Exercise description
Copy the listing as it is written, and leave each picture out.

Collected material
-- Opening Marker --
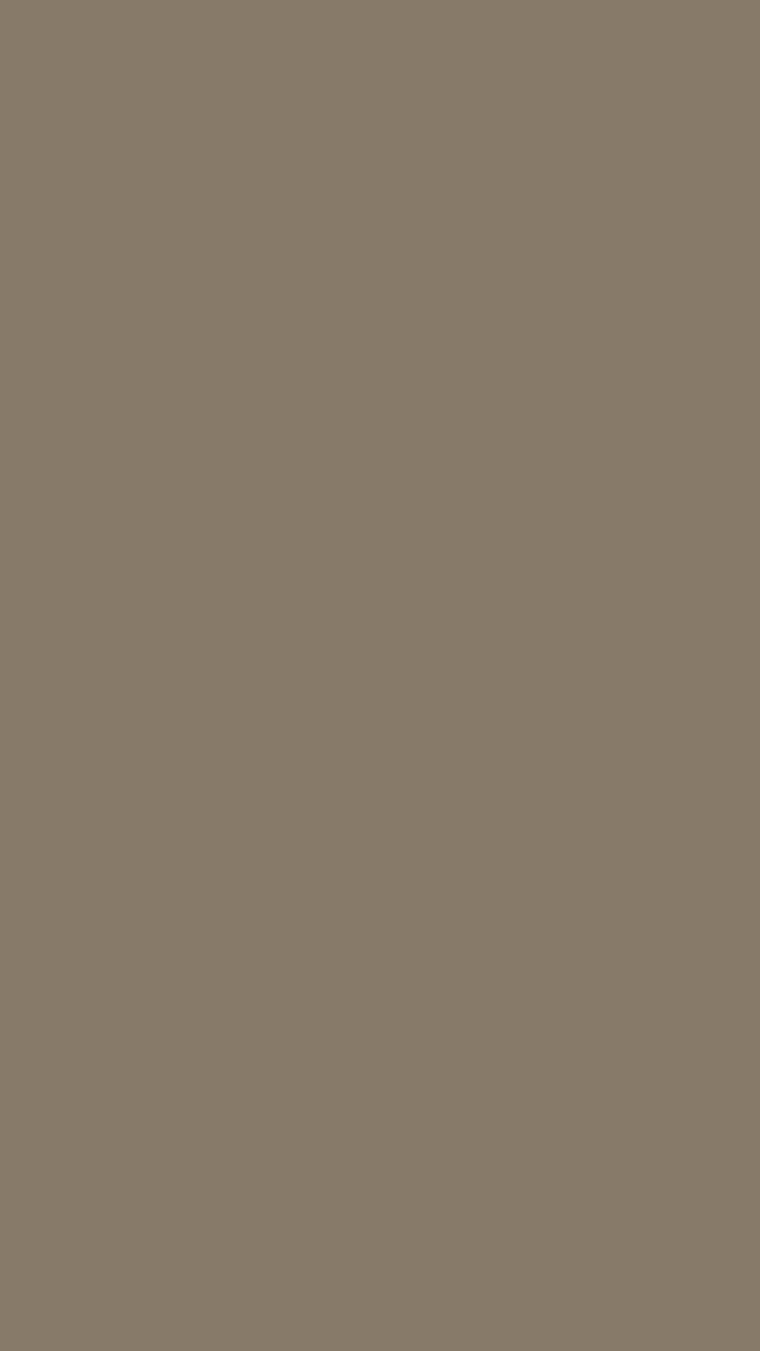 erza wang banner image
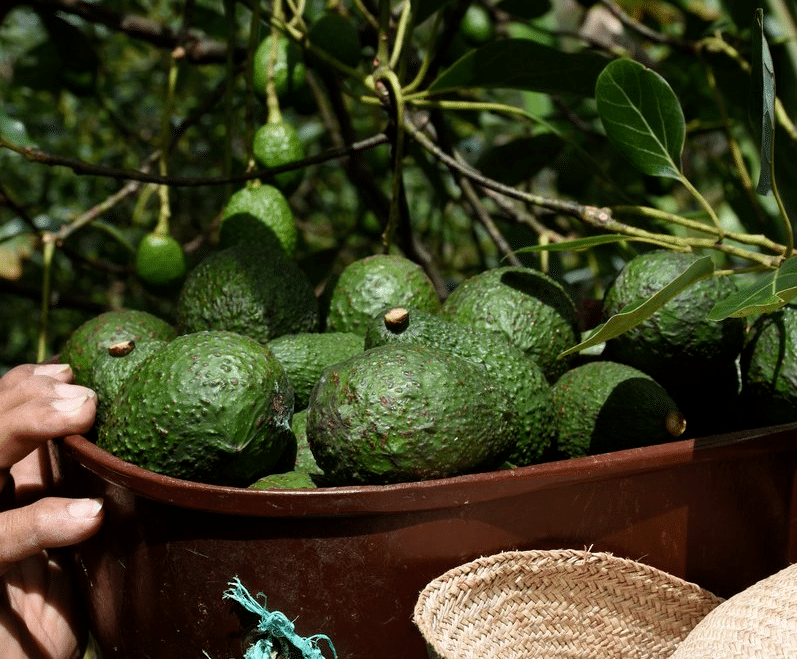 Pueblo antioqueño se destaca por exportación de aguacate Hass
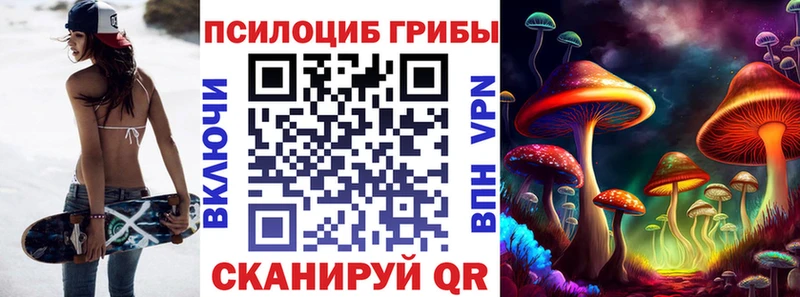 Псилоцибиновые грибы Psilocybe  Купить закладки  Дмитровск 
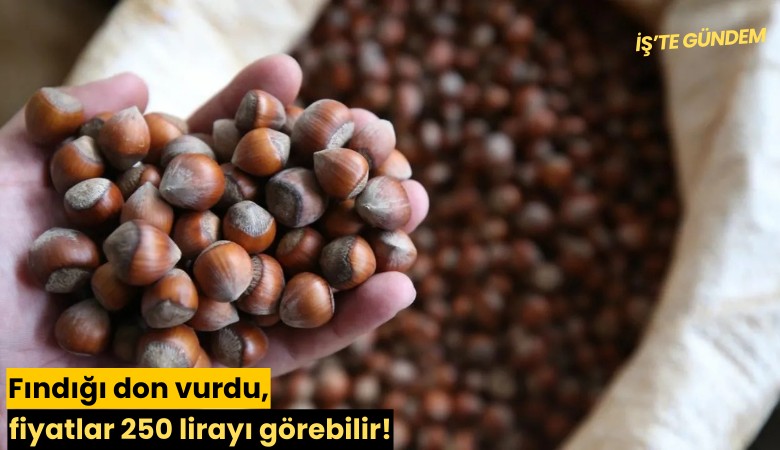 Fındığı don vurdu, fiyatlar 250 lirayı görebilir!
-- Closing Marker --
Solution below
 erza wang banner image
 Pueblo antioqueño se destaca por exportación de aguacate Hass
 Псилоцибиновые грибы Psilocybe  Купить закладки  Дмитровск 
 Fındığı don vurdu, fiyatlar 250 lirayı görebilir!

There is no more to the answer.